A very dirty iceberg

Lamplugh Glacier

Lamplugh Glacier

Lamplugh Glacier

Margerie Glacier

Margerie Glacier

The National Park Rangers provided narration over the ship’s PA system with one Ranger sounding very experienced in delivering narration over PA systems because she spoke slowly and clearly.  Her narration was also pretty well rehearsed.  A different Ranger gave a talk as we cruised out of Glacier Bay, remarking how the glaciers we viewed today were not entirely unlike those that carved the Ohio valley and Cleveland, where he lives, so he now feels a special connection between glaciers and himself.  We have seen the same graphical chart of CO2 concentrations over the centuries as recorded in glacial ice cores, and it is remarkable, and startling how high the current spike is.  It is truly unprecedented in this planet’s history.  We can only hope that the planet’s redundant buffering systems can continue to make it habitable for humans for the coming generations.



Ben hit the fitness center for a run, but on yesterday’s excursion into Sitka, we both managed over 12,000 steps so it is possible to get a reasonable amount of exercise on these cruises.  

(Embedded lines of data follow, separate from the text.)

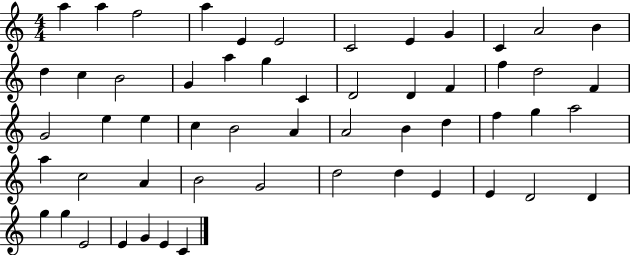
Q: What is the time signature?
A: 4/4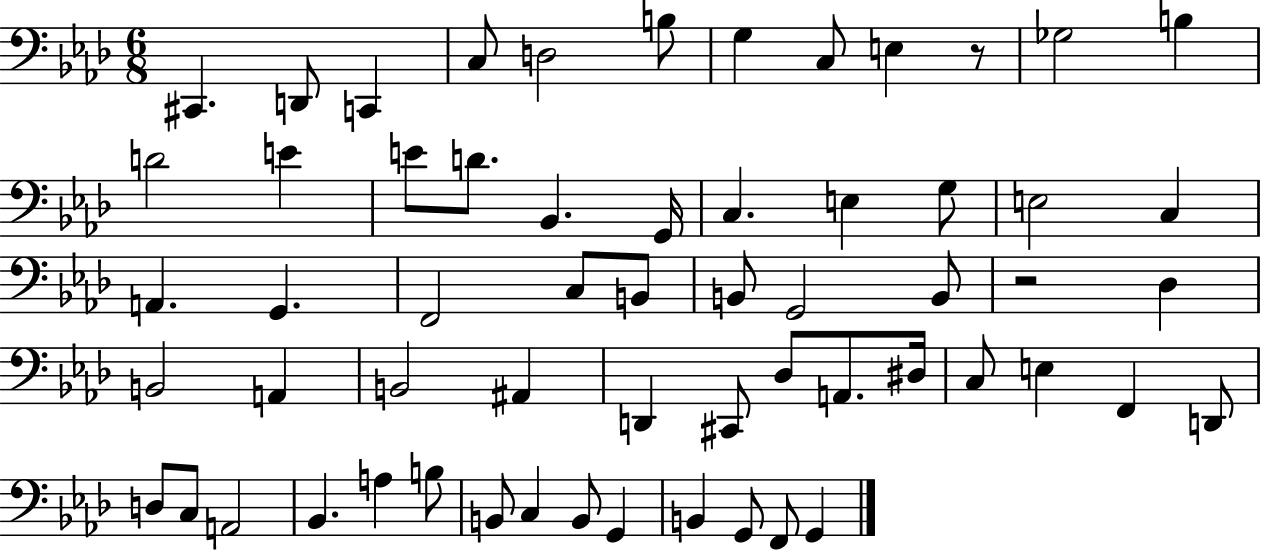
{
  \clef bass
  \numericTimeSignature
  \time 6/8
  \key aes \major
  \repeat volta 2 { cis,4. d,8 c,4 | c8 d2 b8 | g4 c8 e4 r8 | ges2 b4 | \break d'2 e'4 | e'8 d'8. bes,4. g,16 | c4. e4 g8 | e2 c4 | \break a,4. g,4. | f,2 c8 b,8 | b,8 g,2 b,8 | r2 des4 | \break b,2 a,4 | b,2 ais,4 | d,4 cis,8 des8 a,8. dis16 | c8 e4 f,4 d,8 | \break d8 c8 a,2 | bes,4. a4 b8 | b,8 c4 b,8 g,4 | b,4 g,8 f,8 g,4 | \break } \bar "|."
}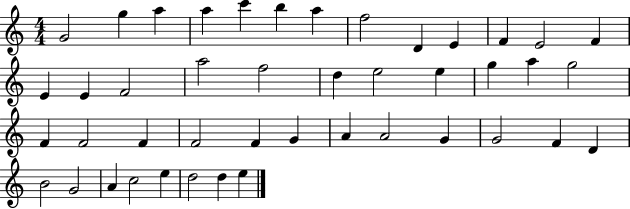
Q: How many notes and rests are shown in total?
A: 44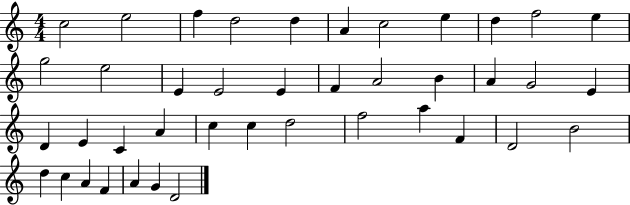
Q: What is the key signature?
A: C major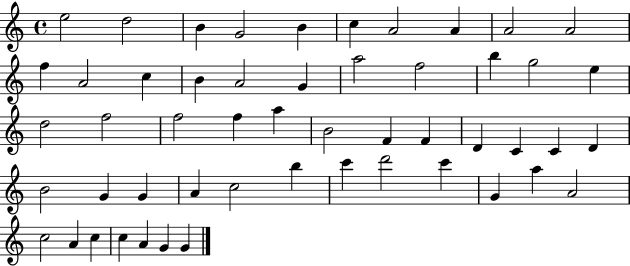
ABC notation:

X:1
T:Untitled
M:4/4
L:1/4
K:C
e2 d2 B G2 B c A2 A A2 A2 f A2 c B A2 G a2 f2 b g2 e d2 f2 f2 f a B2 F F D C C D B2 G G A c2 b c' d'2 c' G a A2 c2 A c c A G G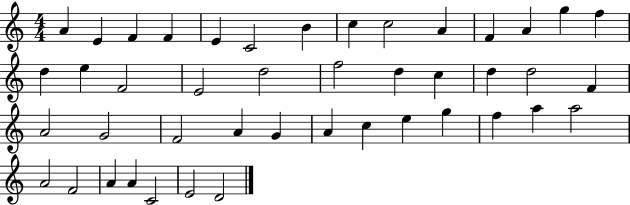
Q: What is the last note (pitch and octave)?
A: D4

In the afternoon, there was a lecture on iPhone photography which taught us a lot of new tips and tricks that we didn’t know before.  The most shocking one was you can put your iPhone instantly into photo mode from sleep by simply tapping the screen and swiping left.  No passcode, Touch ID or FaceID needed.  That will help us not miss shots in the future.


That hint came in handy when a small sparrow showed up on our balcony, working its way up and down the ship picking insects and crumbs off the balconies.

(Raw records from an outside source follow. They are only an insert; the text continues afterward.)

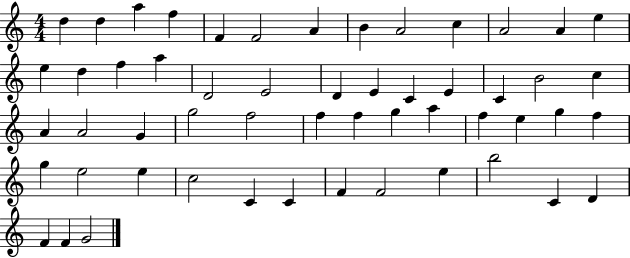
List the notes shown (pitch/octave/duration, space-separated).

D5/q D5/q A5/q F5/q F4/q F4/h A4/q B4/q A4/h C5/q A4/h A4/q E5/q E5/q D5/q F5/q A5/q D4/h E4/h D4/q E4/q C4/q E4/q C4/q B4/h C5/q A4/q A4/h G4/q G5/h F5/h F5/q F5/q G5/q A5/q F5/q E5/q G5/q F5/q G5/q E5/h E5/q C5/h C4/q C4/q F4/q F4/h E5/q B5/h C4/q D4/q F4/q F4/q G4/h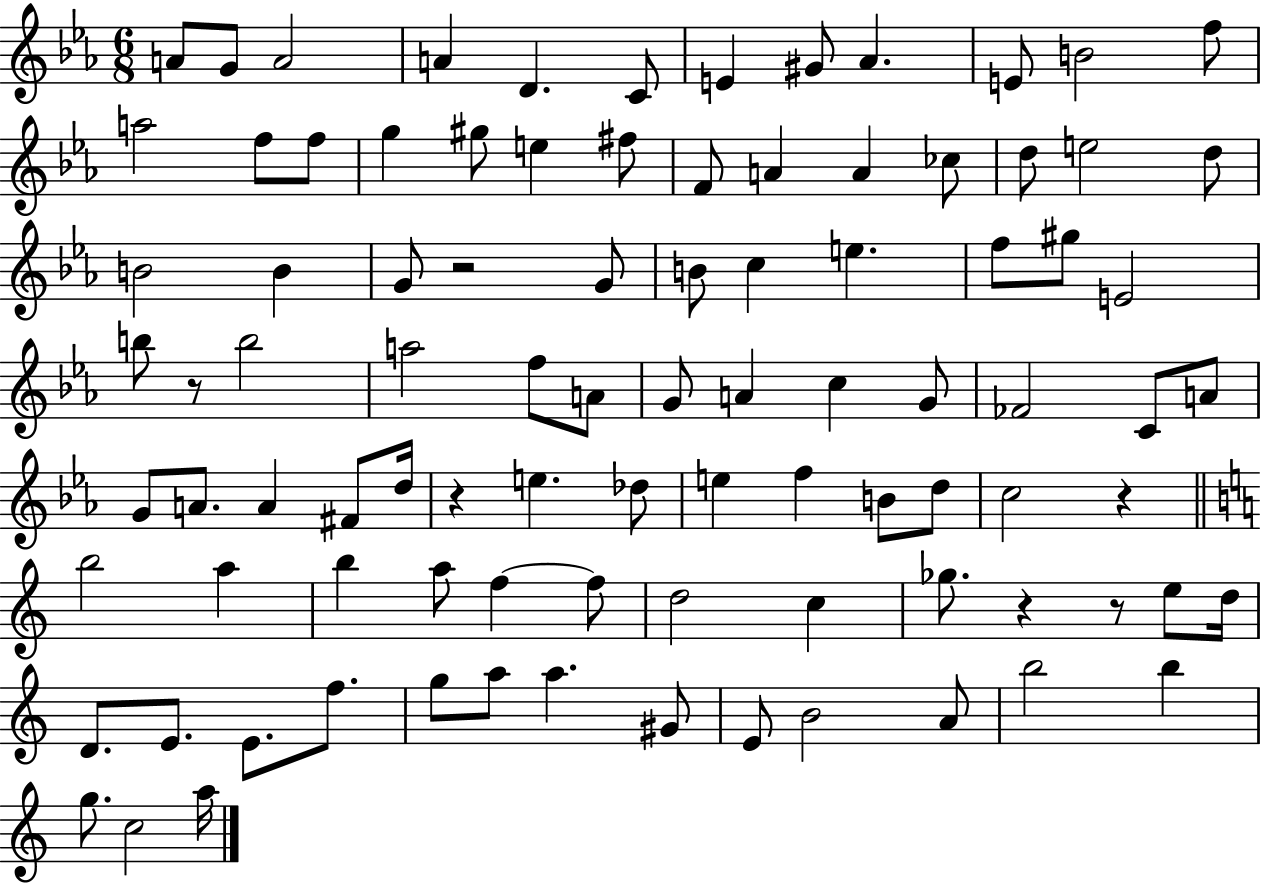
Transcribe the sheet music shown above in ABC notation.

X:1
T:Untitled
M:6/8
L:1/4
K:Eb
A/2 G/2 A2 A D C/2 E ^G/2 _A E/2 B2 f/2 a2 f/2 f/2 g ^g/2 e ^f/2 F/2 A A _c/2 d/2 e2 d/2 B2 B G/2 z2 G/2 B/2 c e f/2 ^g/2 E2 b/2 z/2 b2 a2 f/2 A/2 G/2 A c G/2 _F2 C/2 A/2 G/2 A/2 A ^F/2 d/4 z e _d/2 e f B/2 d/2 c2 z b2 a b a/2 f f/2 d2 c _g/2 z z/2 e/2 d/4 D/2 E/2 E/2 f/2 g/2 a/2 a ^G/2 E/2 B2 A/2 b2 b g/2 c2 a/4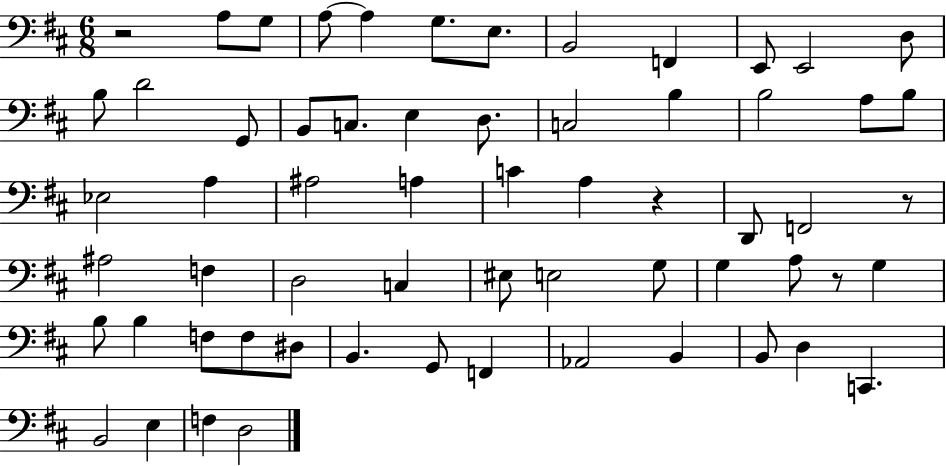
{
  \clef bass
  \numericTimeSignature
  \time 6/8
  \key d \major
  r2 a8 g8 | a8~~ a4 g8. e8. | b,2 f,4 | e,8 e,2 d8 | \break b8 d'2 g,8 | b,8 c8. e4 d8. | c2 b4 | b2 a8 b8 | \break ees2 a4 | ais2 a4 | c'4 a4 r4 | d,8 f,2 r8 | \break ais2 f4 | d2 c4 | eis8 e2 g8 | g4 a8 r8 g4 | \break b8 b4 f8 f8 dis8 | b,4. g,8 f,4 | aes,2 b,4 | b,8 d4 c,4. | \break b,2 e4 | f4 d2 | \bar "|."
}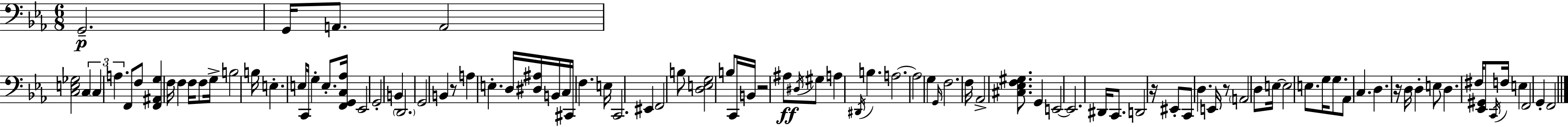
X:1
T:Untitled
M:6/8
L:1/4
K:Cm
G,,2 G,,/4 A,,/2 A,,2 [C,E,_G,]2 C, C, A, F,,/2 F,/2 [F,,^A,,G,] F,/4 F, F,/4 F,/2 G,/4 B,2 B,/4 E, E,/4 C,,/4 G, E,/2 [F,,G,,C,_A,]/4 _E,,2 G,,2 B,, D,,2 G,,2 B,, z/2 A, E, D,/4 [^D,^A,]/4 B,,/4 C,/4 ^C,,/4 F, E,/4 C,,2 ^E,, F,,2 B,/2 [D,E,G,]2 B,/2 C,,/4 B,,/4 z2 ^A,/2 ^D,/4 ^G,/2 A, ^D,,/4 B, A,2 A,2 G, G,,/4 F,2 F,/4 _A,,2 [^C,_E,F,^G,]/2 G,, E,,2 E,,2 ^D,,/4 C,,/2 D,,2 z/4 ^E,,/2 C,,/2 D, E,,/4 z/2 A,,2 D,/2 E,/4 E,2 E,/2 G,/4 G,/2 _A,,/2 C, D, z/4 D,/4 D, E,/2 D, ^F,/4 [_E,,^G,,]/2 C,,/4 F,/4 E, F,,2 G,, F,,2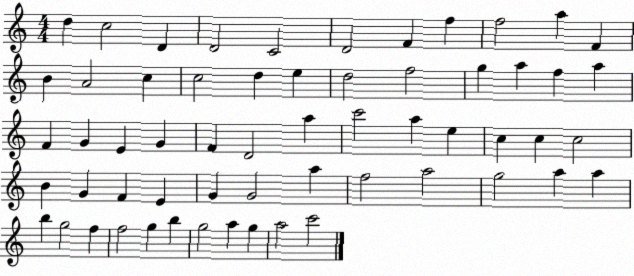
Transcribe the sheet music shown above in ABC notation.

X:1
T:Untitled
M:4/4
L:1/4
K:C
d c2 D D2 C2 D2 F f f2 a F B A2 c c2 d e d2 f2 g a f a F G E G F D2 a c'2 a e c c c2 B G F E G G2 a f2 a2 g2 a a b g2 f f2 g b g2 a g a2 c'2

Ben has been on a tear when it comes to losing his room card.  Yesterday when we were on the shuttle back to the ship, Ben discovered his room card had slipped out of his retractible lanyard somewhere in Sitka.  It was easy enough to get back on the ship with a Driver’s License and Passenger services printed up a replacement card in a jiffy.  Then today, somehow his retractible lanyard and card, which had been clipped to his belt when we went to the buffet for lunch, was no longer on his belt when we went back to the room.  That lead to an embarrassing return to Passenger Services for a second replacement room card in less than 24hrs.  The card and lanyard were eventually turned into the Passenger Services Lost and Found, so we got the lanyard back, but we won’t be trusting it any longer and are taping our cards into the lanyard card holders.


We ended up running into fellow Rocky Mountaineer travelers Chris and Christie in the elevator as we were headed to the Restaurant, which is the main sit down dining room.  The menu was similar to Princess Cruises where there is a daily menu on one side, and every day items on the other side.  The food was comparable in quality and presentation to Princess, but we feel the dining staff are a little more attentive and friendly on Princess.  


Monkfish

They called this Eaton Mess, but 
it was clearly a Pavlova.


As the ship transitioned from Glacier Bay towards Hubbard Glacier in Yakutat Bay, we were cruising 10 miles off shore and it got pretty rocky, which gets exaggerated on the upper decks.  


There was a Name that Tune through the Generations Trivia with Arianna. We played with Chris and Christie and won a round of mimosas.  Chris was very helpful on this music trivia win.  


The evening closed with a vocalist Janien Valentine, who is a Las Vegas performer who did a Diva medley.  Since our first Viking Ocean cruise on the Viking Star, Viking has increased the staffing and resources for entertainment significantly because there was a professional 4 piece band backing this singer, and they now have a digital back drop for the stage and automated LED lighting and even fog generators.  



It still doesn’t approach the Princess stage production values, but it is a huge step up.  There is also a dedicated Cruise Director who MC’s for shows and does a Viking Daily show on the TV. 

Graham Seymour, Cruise Director

Janien put on an energetic and entertaining show that was spot on in intonation.  She is a very talented singer and worth seeing again.  We sat for a while after her show waiting for the lines at the elevator to dissipate and we saw her come off the stage wheeling a carry on suit case.  We teased her about getting off the ship, and she explained it was all the music that the band uses for her shows.  She will be on the ship until Valdez, and will then have to take a train to Anchorage before she can fly back to Las Vegas.  This was her first performance on a Viking Cruise ship.  She says she does one weekly contract per month because she has children at home.  We did enjoy her show.


Tomorrow we sail into Yakutat Bay to see the Hubbard Glacier.  We hope the sea conditions for our North Pacific crossing won’t be like footage from the Most Dangerous Catch.